Sai governo, entra governo e uma questão crucial para o país que não consegue deslanchar: a reforma tributária. O nó górdio está na dificuldade de se conciliar os interesses das unidades da federação, muito heterogêneos, com grandes diferenças de patamar de desenvolvimento.

No segundo mandato do governo Lula, o Ministério da Fazenda chegou a negociar uma proposta de reforma com o Congresso, que tinha como principal mérito a tentativa de simplificação do ICMS. Por recomendação dos secretários estaduais de finanças, o governo abandonou a ideia inicial de instituir um novo imposto de valor agregado, e optou por reformular o próprio ICMS, alterando a incidência do tributo da origem para o destino, com algumas exceções. Porém, estados produtores temiam ser prejudicados, e surgiu assim um impasse, pois a promessa do governo federal de compensar, temporariamente, qualquer perda, não soou convincente.

Nenhuma proposta melhor apareceu no horizonte e, diante da dificuldade de se promover uma reforma mais ampla, o governo tem caminhado por mudanças pontuais. Para desonerar a folha de pagamentos, está em teste um projeto piloto que transfere ao faturamento o cálculo da contribuição previdenciária patronal. Com isso, espera-se que setores que empregam grandes contingentes de mão de obra sejam beneficiados no futuro. Outra mudança pontual é a ampliação da faixa de enquadramento do Simples (cogita-se estender esse sistema para atividades econômicas ainda não atendidas).

Tais mudanças e desonerações não têm evitado um aumento da carga tributária. Em vários tributos, sejam eles municipais, estaduais ou federais, a arrecadação vem crescendo bem acima da média da economia, em termos reais. Explicações para esse fenômeno vão desde mais eficiência da máquina arrecadadora e formalização dos negócios à dinâmica da própria economia.

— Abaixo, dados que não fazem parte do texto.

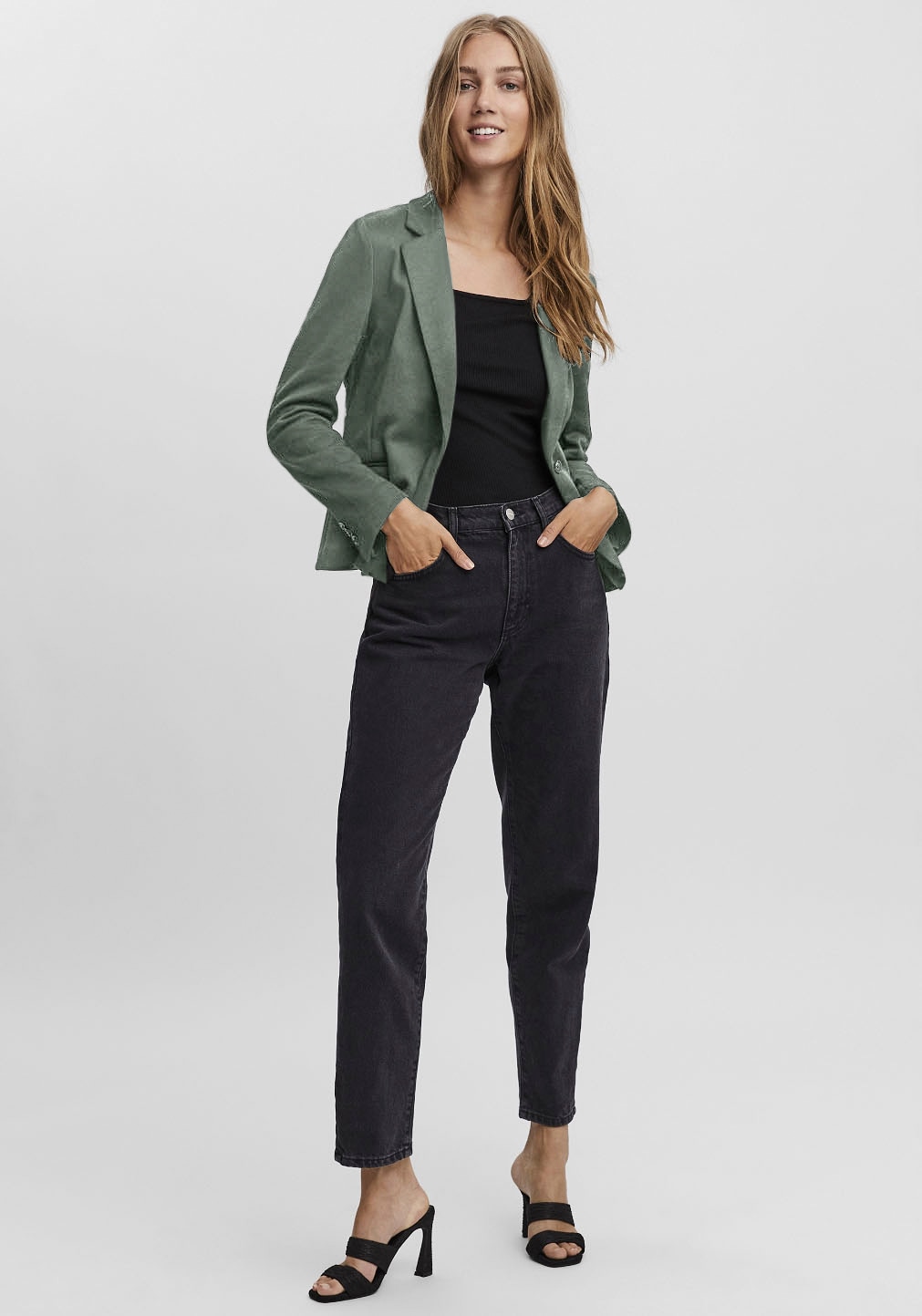 Vero Moda Blazer en jersey »VMJULIANE, figurbetonter Schnitt, 1-Knopf Verschluss« ungefüttert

No entanto, o mais provável é que esse comportamento decorra da estrutura dos impostos, que embute um efeito cascata. Assim, quando a economia se acelera, a arrecadação cresce mais rapidamente. E o resultado é que a fatia de tributos aumenta como proporção do Produto Interno Bruto (PIB).

Mas por que então não se muda essa estrutura inadequada? A explicação está no lado das despesas. O setor público no Brasil não se esforça para que seus gastos cresçam menos que a média da economia e, para financiá-los, é preciso que as receitas se expandam em igual ritmo. Cria-se assim um círculo vicioso.

Uma simplificação dessa estrutura certamente daria mais eficiência à economia como um todo, com possibilidade de ampliação do investimento privado (e até do setor público, pois a arrecadação continuaria a crescer). Politicamente tem sido difícil pôr em prática tal mudança, e acaba ficando tudo como está, com apenas alguns curativos.

A demanda por gastos públicos sempre supera o clamor por redução da carga tributária, o que leva políticos e governantes a defender, por exemplo, a recriação da CPMF, sob pretexto de que a Saúde precisa ser financiada com recursos adicionais.

Sem a quebra desse círculo vicioso, entrará governo, sairá governo, e efetivamente o país ficará sem uma verdadeira reforma nos tributos.